+++ EXTRACTED INFORMATION +++

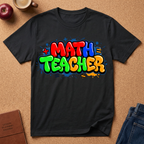 Math Teacher T-Shirt — Colorful Graffiti Design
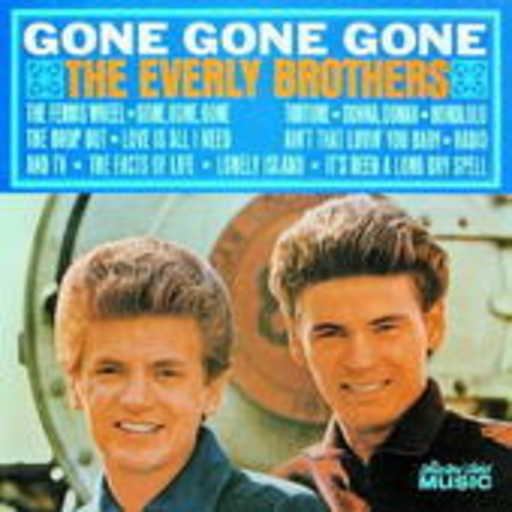 Everly Brothers – Gone Gone Gone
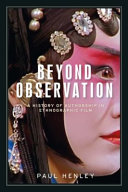Beyond observation : a history of authorship in ethnographic film /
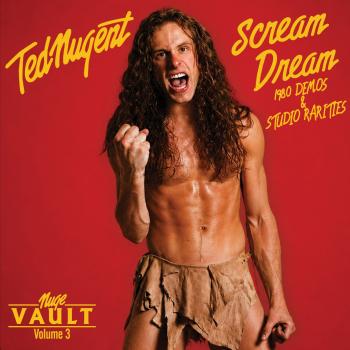 Cover Nuge Vault, Vol. 3: Scream Dream 1980 Demos & Studio Rarites (Remastered)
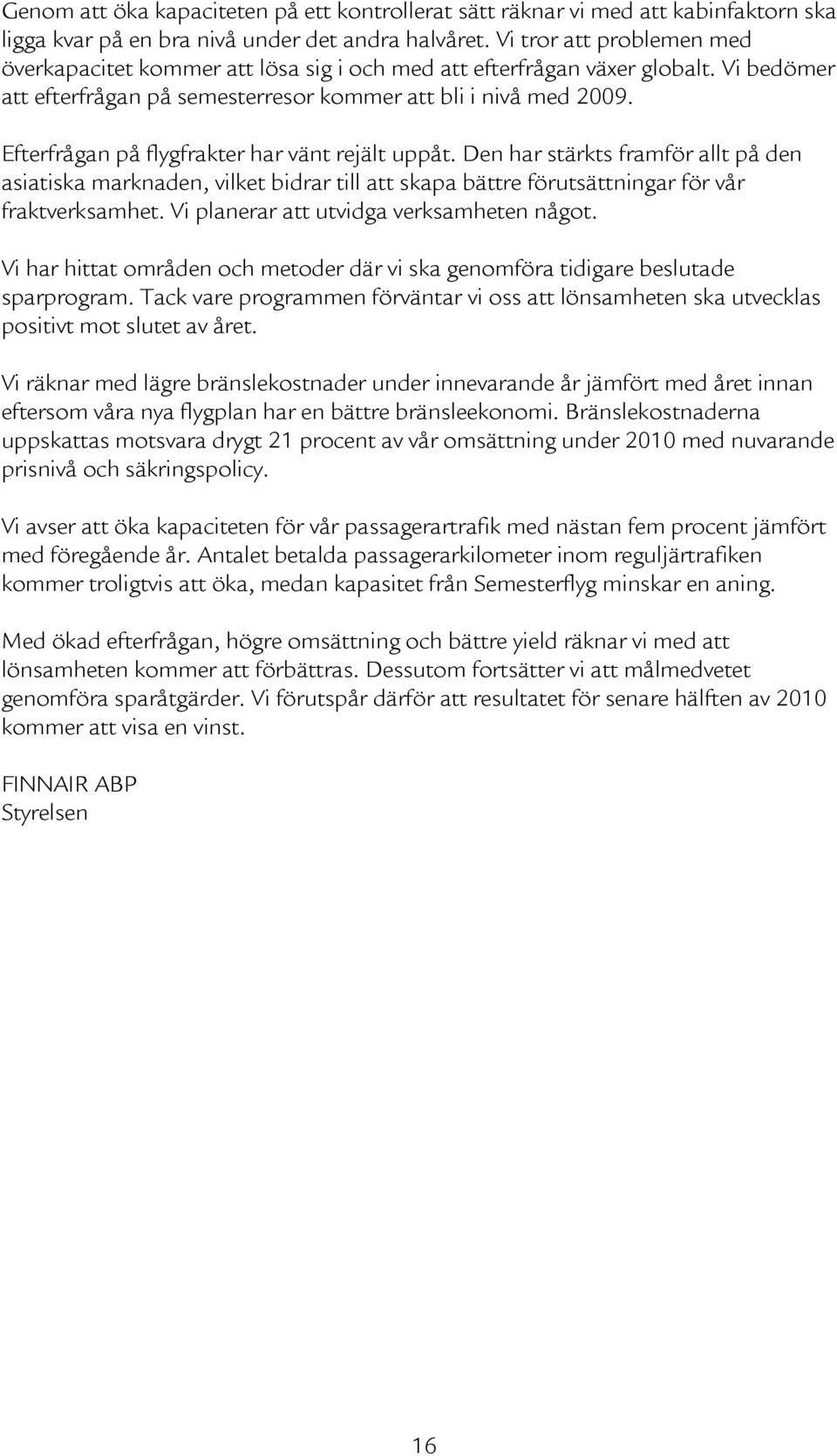 Efterfrågan på flygfrakter har vänt rejält uppåt. Den har stärkts framför allt på den asiatiska marknaden, vilket bidrar till att skapa bättre förutsättningar för vår fraktverksamhet.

+++

=== BRIEF ===
Pictures must be left out. Return verbatim only the lines from the line with "Beyond observation : a" through the final line of the material above, including both ends.

=== RESPONSE TO THIS TASK ===
Beyond observation : a history of authorship in ethnographic film /
 Cover Nuge Vault, Vol. 3: Scream Dream 1980 Demos & Studio Rarites (Remastered)
 Efterfrågan på flygfrakter har vänt rejält uppåt. Den har stärkts framför allt på den asiatiska marknaden, vilket bidrar till att skapa bättre förutsättningar för vår fraktverksamhet.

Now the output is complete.